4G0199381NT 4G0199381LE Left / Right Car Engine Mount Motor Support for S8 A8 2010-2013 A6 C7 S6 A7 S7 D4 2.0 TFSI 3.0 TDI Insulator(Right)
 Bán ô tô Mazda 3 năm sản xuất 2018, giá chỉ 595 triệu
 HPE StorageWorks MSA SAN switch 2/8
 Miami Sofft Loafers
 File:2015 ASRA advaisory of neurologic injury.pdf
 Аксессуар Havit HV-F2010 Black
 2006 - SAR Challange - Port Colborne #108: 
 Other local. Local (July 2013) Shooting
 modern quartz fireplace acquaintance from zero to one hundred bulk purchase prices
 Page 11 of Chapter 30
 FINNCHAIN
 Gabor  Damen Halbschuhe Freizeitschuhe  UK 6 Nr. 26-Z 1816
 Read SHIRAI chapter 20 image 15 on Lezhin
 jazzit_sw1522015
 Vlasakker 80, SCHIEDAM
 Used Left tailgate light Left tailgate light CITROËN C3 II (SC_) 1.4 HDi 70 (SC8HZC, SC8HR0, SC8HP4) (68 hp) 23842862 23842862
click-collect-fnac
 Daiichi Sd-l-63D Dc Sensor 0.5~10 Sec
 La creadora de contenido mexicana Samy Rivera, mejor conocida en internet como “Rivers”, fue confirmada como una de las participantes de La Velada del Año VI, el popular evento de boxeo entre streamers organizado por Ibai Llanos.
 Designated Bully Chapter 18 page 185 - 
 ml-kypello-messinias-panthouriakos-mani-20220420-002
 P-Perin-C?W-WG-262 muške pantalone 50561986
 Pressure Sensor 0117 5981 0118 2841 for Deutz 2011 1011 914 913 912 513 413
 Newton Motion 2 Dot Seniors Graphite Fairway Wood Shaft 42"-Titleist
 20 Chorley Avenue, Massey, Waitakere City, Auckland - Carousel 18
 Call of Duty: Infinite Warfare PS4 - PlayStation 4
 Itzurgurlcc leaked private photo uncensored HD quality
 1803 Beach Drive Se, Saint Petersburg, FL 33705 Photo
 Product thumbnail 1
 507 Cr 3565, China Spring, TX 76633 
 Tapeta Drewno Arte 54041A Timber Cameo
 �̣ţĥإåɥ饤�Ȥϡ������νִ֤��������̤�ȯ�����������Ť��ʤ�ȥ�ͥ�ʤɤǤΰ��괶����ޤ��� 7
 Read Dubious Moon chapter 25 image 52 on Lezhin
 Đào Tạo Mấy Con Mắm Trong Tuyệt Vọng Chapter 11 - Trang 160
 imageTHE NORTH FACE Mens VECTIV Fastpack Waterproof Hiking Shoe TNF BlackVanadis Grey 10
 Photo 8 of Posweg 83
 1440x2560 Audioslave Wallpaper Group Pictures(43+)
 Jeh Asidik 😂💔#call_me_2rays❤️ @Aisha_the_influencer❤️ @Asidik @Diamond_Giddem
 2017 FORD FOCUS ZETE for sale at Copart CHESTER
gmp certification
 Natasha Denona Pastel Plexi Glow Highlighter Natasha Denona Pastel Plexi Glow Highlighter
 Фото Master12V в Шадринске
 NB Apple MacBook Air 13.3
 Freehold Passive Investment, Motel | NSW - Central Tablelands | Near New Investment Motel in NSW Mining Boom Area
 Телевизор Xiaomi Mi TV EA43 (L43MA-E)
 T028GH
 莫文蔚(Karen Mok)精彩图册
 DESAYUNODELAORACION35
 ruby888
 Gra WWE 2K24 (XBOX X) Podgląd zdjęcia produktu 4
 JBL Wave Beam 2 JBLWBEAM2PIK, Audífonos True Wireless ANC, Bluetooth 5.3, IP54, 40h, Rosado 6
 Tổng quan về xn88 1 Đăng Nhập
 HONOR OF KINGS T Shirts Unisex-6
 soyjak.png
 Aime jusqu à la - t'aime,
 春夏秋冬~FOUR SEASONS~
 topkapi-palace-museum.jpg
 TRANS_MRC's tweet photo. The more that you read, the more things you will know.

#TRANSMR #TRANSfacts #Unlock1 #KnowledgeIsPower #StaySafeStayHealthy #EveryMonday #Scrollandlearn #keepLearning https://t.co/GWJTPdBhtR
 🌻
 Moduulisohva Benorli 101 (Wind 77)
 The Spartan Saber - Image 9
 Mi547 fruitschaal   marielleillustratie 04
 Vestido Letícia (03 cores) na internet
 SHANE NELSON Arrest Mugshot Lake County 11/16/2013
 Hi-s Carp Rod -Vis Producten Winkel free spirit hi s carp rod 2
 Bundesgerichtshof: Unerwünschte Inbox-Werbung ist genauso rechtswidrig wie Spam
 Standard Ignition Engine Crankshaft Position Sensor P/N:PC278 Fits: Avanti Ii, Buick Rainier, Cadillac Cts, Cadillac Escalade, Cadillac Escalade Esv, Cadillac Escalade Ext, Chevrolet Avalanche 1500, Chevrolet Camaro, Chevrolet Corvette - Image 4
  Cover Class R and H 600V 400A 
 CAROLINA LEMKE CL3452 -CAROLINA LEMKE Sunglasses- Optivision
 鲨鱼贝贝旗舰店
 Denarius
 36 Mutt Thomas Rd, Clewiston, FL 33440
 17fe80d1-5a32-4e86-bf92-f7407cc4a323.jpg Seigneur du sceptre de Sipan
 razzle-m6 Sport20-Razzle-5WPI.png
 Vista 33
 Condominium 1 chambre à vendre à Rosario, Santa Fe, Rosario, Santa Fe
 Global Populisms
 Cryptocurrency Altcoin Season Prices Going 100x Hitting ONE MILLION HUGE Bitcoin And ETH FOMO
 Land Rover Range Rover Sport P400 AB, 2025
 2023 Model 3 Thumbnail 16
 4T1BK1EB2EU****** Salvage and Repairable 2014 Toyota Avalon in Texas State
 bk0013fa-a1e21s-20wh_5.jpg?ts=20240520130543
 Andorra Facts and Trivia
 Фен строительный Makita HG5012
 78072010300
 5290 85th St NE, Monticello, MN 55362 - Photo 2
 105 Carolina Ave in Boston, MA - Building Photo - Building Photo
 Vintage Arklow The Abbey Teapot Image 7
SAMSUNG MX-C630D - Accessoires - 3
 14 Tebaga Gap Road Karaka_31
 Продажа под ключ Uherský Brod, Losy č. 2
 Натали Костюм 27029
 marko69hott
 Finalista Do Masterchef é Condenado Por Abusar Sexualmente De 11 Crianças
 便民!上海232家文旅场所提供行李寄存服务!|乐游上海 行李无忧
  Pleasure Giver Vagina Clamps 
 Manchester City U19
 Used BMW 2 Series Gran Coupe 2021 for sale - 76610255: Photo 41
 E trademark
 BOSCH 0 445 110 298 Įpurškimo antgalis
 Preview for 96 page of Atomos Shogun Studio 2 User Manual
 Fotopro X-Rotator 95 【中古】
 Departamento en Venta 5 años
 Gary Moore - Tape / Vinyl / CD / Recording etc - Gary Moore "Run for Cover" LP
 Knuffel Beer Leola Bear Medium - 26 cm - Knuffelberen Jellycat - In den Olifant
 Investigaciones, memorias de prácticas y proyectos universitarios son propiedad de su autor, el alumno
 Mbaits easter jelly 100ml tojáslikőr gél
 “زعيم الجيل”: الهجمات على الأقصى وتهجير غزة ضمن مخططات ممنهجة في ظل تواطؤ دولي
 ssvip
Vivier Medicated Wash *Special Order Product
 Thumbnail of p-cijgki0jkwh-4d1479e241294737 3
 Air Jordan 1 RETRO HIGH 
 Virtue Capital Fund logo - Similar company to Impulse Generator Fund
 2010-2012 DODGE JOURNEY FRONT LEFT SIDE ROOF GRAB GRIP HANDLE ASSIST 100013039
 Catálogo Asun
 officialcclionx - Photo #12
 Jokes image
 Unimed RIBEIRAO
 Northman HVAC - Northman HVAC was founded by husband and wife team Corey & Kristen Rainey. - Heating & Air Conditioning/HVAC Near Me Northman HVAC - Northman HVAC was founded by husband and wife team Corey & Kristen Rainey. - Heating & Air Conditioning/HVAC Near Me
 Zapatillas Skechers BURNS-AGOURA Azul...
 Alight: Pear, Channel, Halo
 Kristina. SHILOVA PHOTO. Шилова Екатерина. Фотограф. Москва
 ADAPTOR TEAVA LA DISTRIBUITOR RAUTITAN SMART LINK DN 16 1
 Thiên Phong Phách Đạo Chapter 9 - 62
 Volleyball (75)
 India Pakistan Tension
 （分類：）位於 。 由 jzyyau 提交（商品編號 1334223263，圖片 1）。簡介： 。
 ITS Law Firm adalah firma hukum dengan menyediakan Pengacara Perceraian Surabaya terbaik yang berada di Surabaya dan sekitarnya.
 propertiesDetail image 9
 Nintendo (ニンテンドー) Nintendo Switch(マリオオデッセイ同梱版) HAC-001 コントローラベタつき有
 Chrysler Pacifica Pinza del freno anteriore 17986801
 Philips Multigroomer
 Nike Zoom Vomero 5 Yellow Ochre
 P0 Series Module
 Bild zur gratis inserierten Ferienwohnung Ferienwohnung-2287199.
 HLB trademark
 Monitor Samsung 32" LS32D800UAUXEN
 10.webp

----------

Exercise aim: All that belongs in the answer is the run of lines above from the line containing "Vlasakker 80, SCHIEDAM" through the line containing "Daiichi Sd-l-63D Dc Sensor 0.5~10 Sec", exactly as written.

Exercise output:
 Vlasakker 80, SCHIEDAM
 Used Left tailgate light Left tailgate light CITROËN C3 II (SC_) 1.4 HDi 70 (SC8HZC, SC8HR0, SC8HP4) (68 hp) 23842862 23842862
click-collect-fnac
 Daiichi Sd-l-63D Dc Sensor 0.5~10 Sec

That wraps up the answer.